IPythonConsole.drawOptions.addAtomIndices = True

mol = molecules[11]
mol


# In[14]:


# Loop over all atoms
for at in mol.GetAtoms():
    print(at.GetSymbol(), end=' ')
print()

# Loop over all bonds
for bond in mol.GetBonds():
    print(bond.GetBeginAtomIdx(), bond.GetEndAtomIdx(), bond.GetBondType())


# Another interesting object, when we want to algorithmically study molecular structures, is the [adjacency matrix](https://en.wikipedia.org/wiki/Adjacency_matrix). It is a square, symmetric matrix where each entry $A_{ij}$ tells you if atoms $i$ and $j$ are bonded ($A_{ij} = 1$) or not ($A_{ij} = 0$).

# In[15]:


Chem.GetAdjacencyMatrix(mol)


# The adjacency matrix (along with the list of types of each atom) is a representation of the molecular structure. It is not very compact representation, having a lot of zeros. Hence, it is rarely used directly as descriptor of a molecule.
# 
# Note that it is also possible to calculate a version where bond orders are represented (instead of simply 1 or 0, for “connected” or “unconnected”). Can you spot the molecule’s double bond? Notice also how aromatic bonds have a bond order of 1.5:

# In[16]:


Chem.GetAdjacencyMatrix(mol, useBO=True)


# We can use other representations to encode the molecular structure. One is the “molecular graph” — where the work “graph” is meant in the [mathematical meaning](https://en.wikipedia.org/wiki/Graph_(discrete_mathematics)) of graph theory. We manipulate these graphs easily with the [NetworkX](https://networkx.org) library. They can be created directly form the adjacency matrix:

# In[17]:


atoms = [atom.GetAtomicNum() for atom in mol.GetAtoms()]
am = Chem.GetAdjacencyMatrix(mol, useBO=True)
graph = nx.from_numpy_array(am)

nx.draw(graph, with_labels = True)


# Of course, visually it is not as “physical” or easy to visualize as our usual chemical representation. But the mathematical theory of graphs is a very-well known topic, and there are lots of studies (and software implementations) on how to represent such graphs.
# 
# We can figure out what the _diameter_ of the graph is (can you guess what it is?):

# In[18]:


nx.algorithms.distance_measures.diameter(graph)


# Or determine what atoms correspond to the _center_ of the graph:

# In[19]:


nx.algorithms.distance_measures.center(graph)

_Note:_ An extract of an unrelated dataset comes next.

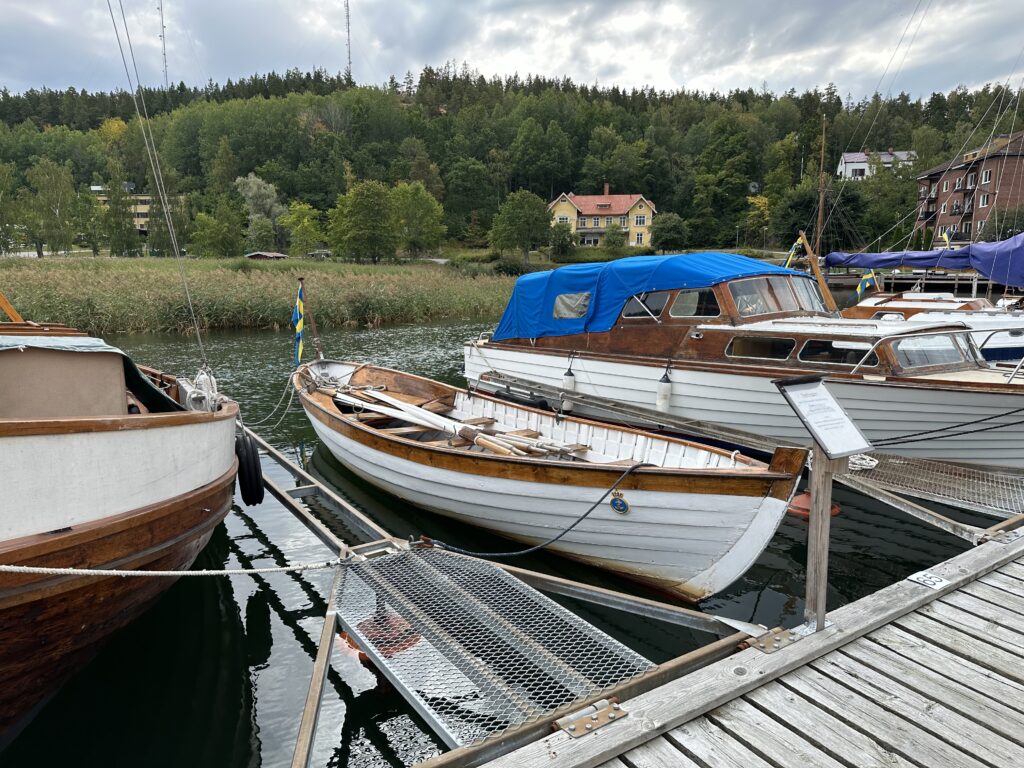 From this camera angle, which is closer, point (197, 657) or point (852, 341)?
point (197, 657)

# If we draw the molecular structure and label the atoms by their indices, does it make sense? Can you see that path that corresponds to the diameter?

# In[20]:


IPythonConsole.drawOptions.addAtomIndices = True
mol


# In that way, we can now use established algorithms, designed and optimized for the representation of graphs for machine learning, in order to encode molecular structures. If you are interested in how this is done, you can have look at packages like [Karate Club](https://karateclub.readthedocs.io/en/latest/) and [graph2vec](https://github.com/benedekrozemberczki/graph2vec).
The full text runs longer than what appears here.